(Beginning of Exercise data)
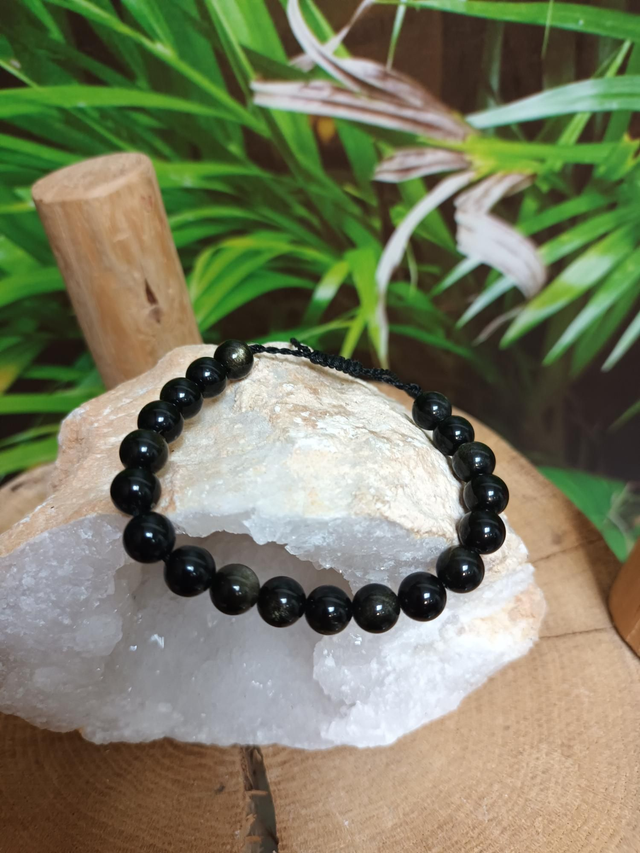 Bracelet en obsidienne dorée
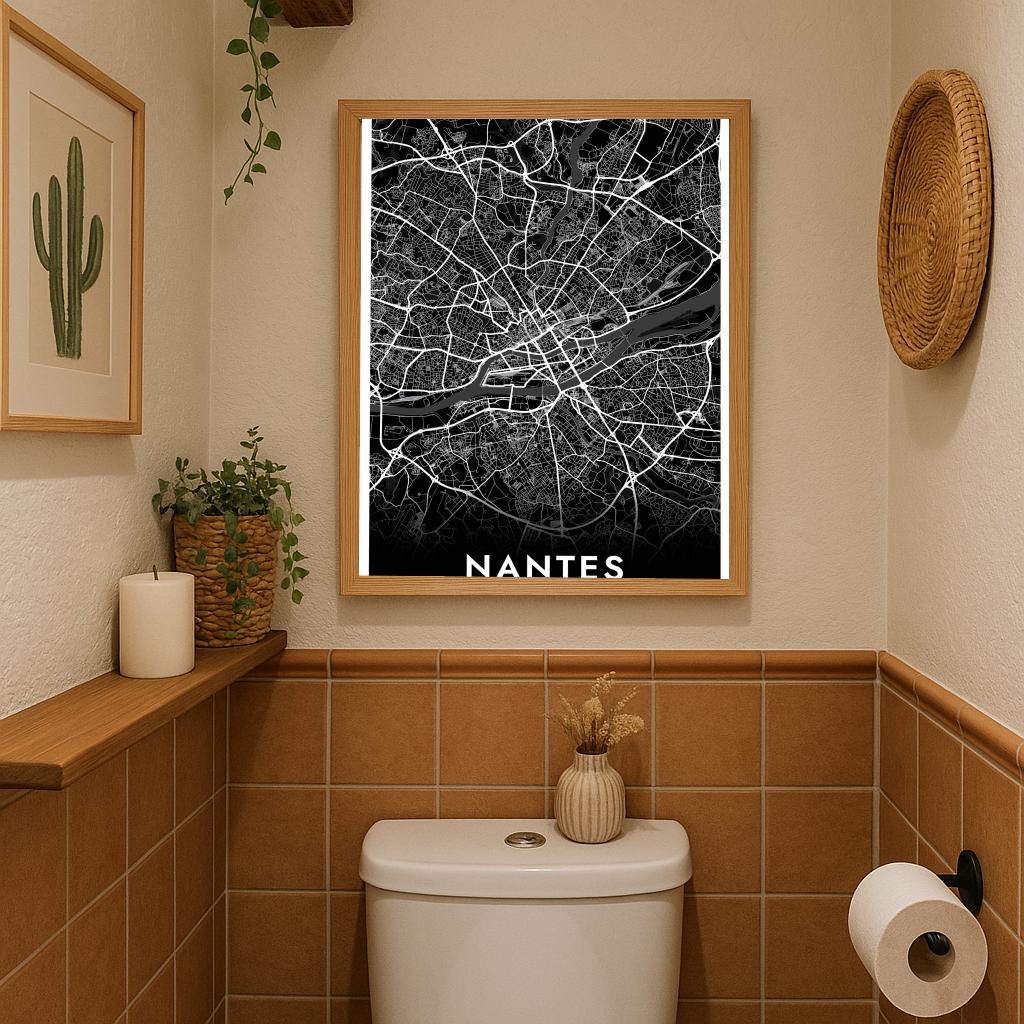 Nantes Map France Black poster sfeerbeeld 3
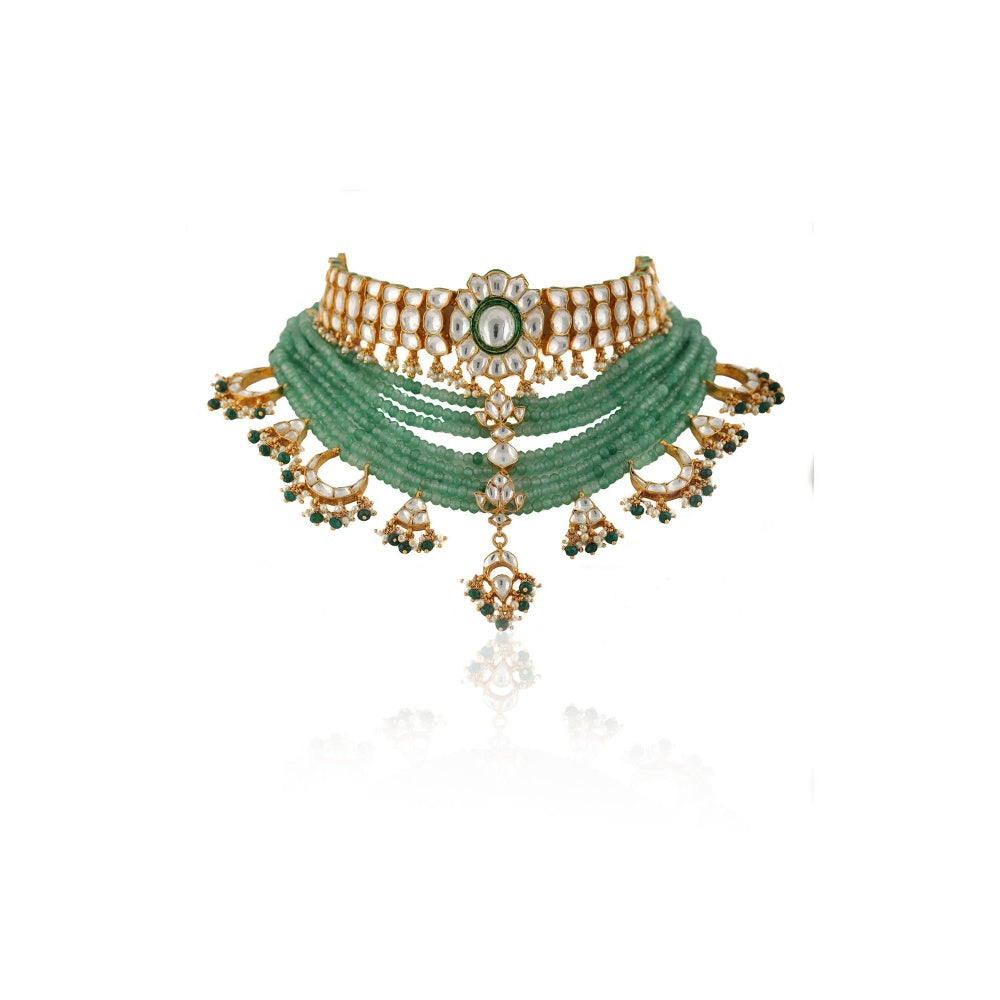 RIANA JEWELLERY White Choker Set Attached In 8 Line Sea Green Beads With Green Hanging (Set of 2)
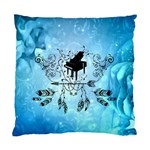 Piano With Feathers, Clef And Key Notes Standard Cushion Case (One Side)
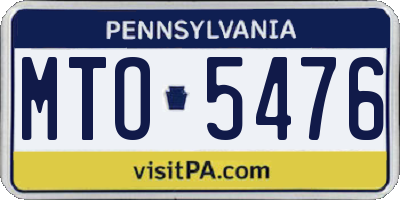 PA license plate MTO5476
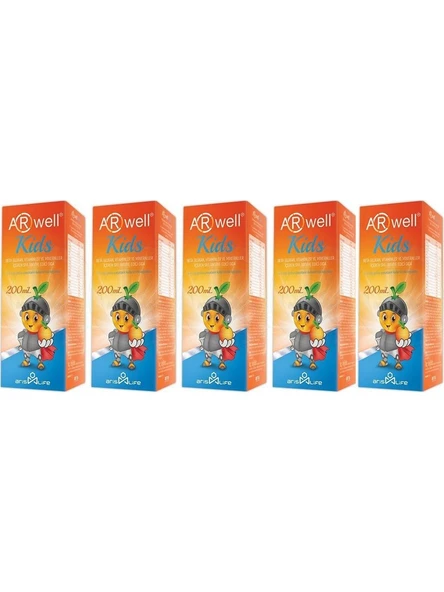 Aris Life Arwell Kids Betaglukan Şurup 200 Ml 5'Li PAKET (SKT:07/2026) ürün görseli 1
(End of Exercise data)
**Task to complete:** A verbatim reproduction of each entry is expected, with every picture omitted.

**Your response:**
 Bracelet en obsidienne dorée
 Nantes Map France Black poster sfeerbeeld 3
 RIANA JEWELLERY White Choker Set Attached In 8 Line Sea Green Beads With Green Hanging (Set of 2)
 Piano With Feathers, Clef And Key Notes Standard Cushion Case (One Side)
 PA license plate MTO5476
 Aris Life Arwell Kids Betaglukan Şurup 200 Ml 5'Li PAKET (SKT:07/2026) ürün görseli 1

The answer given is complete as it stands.